[[ Source data, beginning ]]

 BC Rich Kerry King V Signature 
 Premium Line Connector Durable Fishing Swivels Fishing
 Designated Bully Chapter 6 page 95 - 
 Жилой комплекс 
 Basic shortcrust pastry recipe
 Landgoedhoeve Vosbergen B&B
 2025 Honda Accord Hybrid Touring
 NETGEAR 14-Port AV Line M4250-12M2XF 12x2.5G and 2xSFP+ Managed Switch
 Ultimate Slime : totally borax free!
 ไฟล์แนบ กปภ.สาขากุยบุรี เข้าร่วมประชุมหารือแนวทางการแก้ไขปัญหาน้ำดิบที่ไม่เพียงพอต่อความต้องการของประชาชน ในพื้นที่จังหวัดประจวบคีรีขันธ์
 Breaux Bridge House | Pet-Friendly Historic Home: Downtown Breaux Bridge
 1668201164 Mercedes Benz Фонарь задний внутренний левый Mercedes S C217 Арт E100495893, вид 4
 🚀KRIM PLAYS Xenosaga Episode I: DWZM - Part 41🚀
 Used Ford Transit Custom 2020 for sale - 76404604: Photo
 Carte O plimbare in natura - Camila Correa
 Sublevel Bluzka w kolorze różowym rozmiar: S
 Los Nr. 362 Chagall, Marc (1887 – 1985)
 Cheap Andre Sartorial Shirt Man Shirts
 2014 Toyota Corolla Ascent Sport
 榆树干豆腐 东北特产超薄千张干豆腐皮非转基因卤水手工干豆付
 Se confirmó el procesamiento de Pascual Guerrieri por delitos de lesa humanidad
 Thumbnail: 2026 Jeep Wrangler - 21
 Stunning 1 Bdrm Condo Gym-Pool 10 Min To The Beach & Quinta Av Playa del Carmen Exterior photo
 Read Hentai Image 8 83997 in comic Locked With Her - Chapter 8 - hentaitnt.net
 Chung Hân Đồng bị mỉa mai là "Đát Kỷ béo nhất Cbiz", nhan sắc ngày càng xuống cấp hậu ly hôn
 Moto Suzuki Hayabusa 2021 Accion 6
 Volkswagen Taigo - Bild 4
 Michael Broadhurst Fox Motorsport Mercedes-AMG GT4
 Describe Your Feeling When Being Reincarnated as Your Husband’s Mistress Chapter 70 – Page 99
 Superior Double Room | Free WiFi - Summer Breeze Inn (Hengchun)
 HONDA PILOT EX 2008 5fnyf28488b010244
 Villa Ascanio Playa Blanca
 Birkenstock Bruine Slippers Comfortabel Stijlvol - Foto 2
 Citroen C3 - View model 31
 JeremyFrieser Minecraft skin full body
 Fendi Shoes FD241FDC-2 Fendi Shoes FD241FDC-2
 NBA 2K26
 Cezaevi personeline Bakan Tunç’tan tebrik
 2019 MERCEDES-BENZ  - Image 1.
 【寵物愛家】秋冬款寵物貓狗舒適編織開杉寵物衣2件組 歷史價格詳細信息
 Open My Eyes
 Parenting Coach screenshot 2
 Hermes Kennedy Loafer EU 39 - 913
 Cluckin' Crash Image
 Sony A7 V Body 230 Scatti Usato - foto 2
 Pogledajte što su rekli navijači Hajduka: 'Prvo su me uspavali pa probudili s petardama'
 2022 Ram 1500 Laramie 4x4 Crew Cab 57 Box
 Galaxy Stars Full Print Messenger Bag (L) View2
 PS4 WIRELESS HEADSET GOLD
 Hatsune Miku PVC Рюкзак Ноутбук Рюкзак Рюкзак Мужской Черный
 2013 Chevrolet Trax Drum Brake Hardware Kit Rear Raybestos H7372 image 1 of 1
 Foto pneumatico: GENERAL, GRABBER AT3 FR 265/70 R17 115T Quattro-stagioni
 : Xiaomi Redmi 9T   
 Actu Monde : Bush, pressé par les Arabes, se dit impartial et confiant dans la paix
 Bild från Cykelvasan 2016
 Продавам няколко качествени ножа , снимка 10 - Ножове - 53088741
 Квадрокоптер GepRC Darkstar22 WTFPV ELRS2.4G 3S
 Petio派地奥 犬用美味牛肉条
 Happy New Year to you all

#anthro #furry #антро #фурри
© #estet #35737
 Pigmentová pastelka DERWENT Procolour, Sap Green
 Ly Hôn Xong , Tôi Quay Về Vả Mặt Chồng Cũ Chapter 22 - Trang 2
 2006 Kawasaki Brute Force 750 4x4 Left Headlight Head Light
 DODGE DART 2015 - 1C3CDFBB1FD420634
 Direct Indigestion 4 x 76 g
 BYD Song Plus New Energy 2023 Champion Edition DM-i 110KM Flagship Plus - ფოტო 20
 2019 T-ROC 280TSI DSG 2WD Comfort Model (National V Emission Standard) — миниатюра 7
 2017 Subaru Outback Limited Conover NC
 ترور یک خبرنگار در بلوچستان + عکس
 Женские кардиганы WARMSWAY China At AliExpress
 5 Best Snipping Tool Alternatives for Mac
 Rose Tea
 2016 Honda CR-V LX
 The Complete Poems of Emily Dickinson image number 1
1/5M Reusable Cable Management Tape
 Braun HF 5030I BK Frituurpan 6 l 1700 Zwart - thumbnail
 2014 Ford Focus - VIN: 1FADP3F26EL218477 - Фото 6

[[ Source data, end ]]

* Exercise aim:
Return all of the material precisely as written.

* Task result:
 BC Rich Kerry King V Signature 
 Premium Line Connector Durable Fishing Swivels Fishing
 Designated Bully Chapter 6 page 95 - 
 Жилой комплекс 
 Basic shortcrust pastry recipe
 Landgoedhoeve Vosbergen B&B
 2025 Honda Accord Hybrid Touring
 NETGEAR 14-Port AV Line M4250-12M2XF 12x2.5G and 2xSFP+ Managed Switch
 Ultimate Slime : totally borax free!
 ไฟล์แนบ กปภ.สาขากุยบุรี เข้าร่วมประชุมหารือแนวทางการแก้ไขปัญหาน้ำดิบที่ไม่เพียงพอต่อความต้องการของประชาชน ในพื้นที่จังหวัดประจวบคีรีขันธ์
 Breaux Bridge House | Pet-Friendly Historic Home: Downtown Breaux Bridge
 1668201164 Mercedes Benz Фонарь задний внутренний левый Mercedes S C217 Арт E100495893, вид 4
 🚀KRIM PLAYS Xenosaga Episode I: DWZM - Part 41🚀
 Used Ford Transit Custom 2020 for sale - 76404604: Photo
 Carte O plimbare in natura - Camila Correa
 Sublevel Bluzka w kolorze różowym rozmiar: S
 Los Nr. 362 Chagall, Marc (1887 – 1985)
 Cheap Andre Sartorial Shirt Man Shirts
 2014 Toyota Corolla Ascent Sport
 榆树干豆腐 东北特产超薄千张干豆腐皮非转基因卤水手工干豆付
 Se confirmó el procesamiento de Pascual Guerrieri por delitos de lesa humanidad
 Thumbnail: 2026 Jeep Wrangler - 21
 Stunning 1 Bdrm Condo Gym-Pool 10 Min To The Beach & Quinta Av Playa del Carmen Exterior photo
 Read Hentai Image 8 83997 in comic Locked With Her - Chapter 8 - hentaitnt.net
 Chung Hân Đồng bị mỉa mai là "Đát Kỷ béo nhất Cbiz", nhan sắc ngày càng xuống cấp hậu ly hôn
 Moto Suzuki Hayabusa 2021 Accion 6
 Volkswagen Taigo - Bild 4
 Michael Broadhurst Fox Motorsport Mercedes-AMG GT4
 Describe Your Feeling When Being Reincarnated as Your Husband’s Mistress Chapter 70 – Page 99
 Superior Double Room | Free WiFi - Summer Breeze Inn (Hengchun)
 HONDA PILOT EX 2008 5fnyf28488b010244
 Villa Ascanio Playa Blanca
 Birkenstock Bruine Slippers Comfortabel Stijlvol - Foto 2
 Citroen C3 - View model 31
 JeremyFrieser Minecraft skin full body
 Fendi Shoes FD241FDC-2 Fendi Shoes FD241FDC-2
 NBA 2K26
 Cezaevi personeline Bakan Tunç’tan tebrik
 2019 MERCEDES-BENZ  - Image 1.
 【寵物愛家】秋冬款寵物貓狗舒適編織開杉寵物衣2件組 歷史價格詳細信息
 Open My Eyes
 Parenting Coach screenshot 2
 Hermes Kennedy Loafer EU 39 - 913
 Cluckin' Crash Image
 Sony A7 V Body 230 Scatti Usato - foto 2
 Pogledajte što su rekli navijači Hajduka: 'Prvo su me uspavali pa probudili s petardama'
 2022 Ram 1500 Laramie 4x4 Crew Cab 57 Box
 Galaxy Stars Full Print Messenger Bag (L) View2
 PS4 WIRELESS HEADSET GOLD
 Hatsune Miku PVC Рюкзак Ноутбук Рюкзак Рюкзак Мужской Черный
 2013 Chevrolet Trax Drum Brake Hardware Kit Rear Raybestos H7372 image 1 of 1
 Foto pneumatico: GENERAL, GRABBER AT3 FR 265/70 R17 115T Quattro-stagioni
 : Xiaomi Redmi 9T   
 Actu Monde : Bush, pressé par les Arabes, se dit impartial et confiant dans la paix
 Bild från Cykelvasan 2016
 Продавам няколко качествени ножа , снимка 10 - Ножове - 53088741
 Квадрокоптер GepRC Darkstar22 WTFPV ELRS2.4G 3S
 Petio派地奥 犬用美味牛肉条
 Happy New Year to you all

#anthro #furry #антро #фурри
© #estet #35737
 Pigmentová pastelka DERWENT Procolour, Sap Green
 Ly Hôn Xong , Tôi Quay Về Vả Mặt Chồng Cũ Chapter 22 - Trang 2
 2006 Kawasaki Brute Force 750 4x4 Left Headlight Head Light
 DODGE DART 2015 - 1C3CDFBB1FD420634
 Direct Indigestion 4 x 76 g
 BYD Song Plus New Energy 2023 Champion Edition DM-i 110KM Flagship Plus - ფოტო 20
 2019 T-ROC 280TSI DSG 2WD Comfort Model (National V Emission Standard) — миниатюра 7
 2017 Subaru Outback Limited Conover NC
 ترور یک خبرنگار در بلوچستان + عکس
 Женские кардиганы WARMSWAY China At AliExpress
 5 Best Snipping Tool Alternatives for Mac
 Rose Tea
 2016 Honda CR-V LX
 The Complete Poems of Emily Dickinson image number 1
1/5M Reusable Cable Management Tape
 Braun HF 5030I BK Frituurpan 6 l 1700 Zwart - thumbnail
 2014 Ford Focus - VIN: 1FADP3F26EL218477 - Фото 6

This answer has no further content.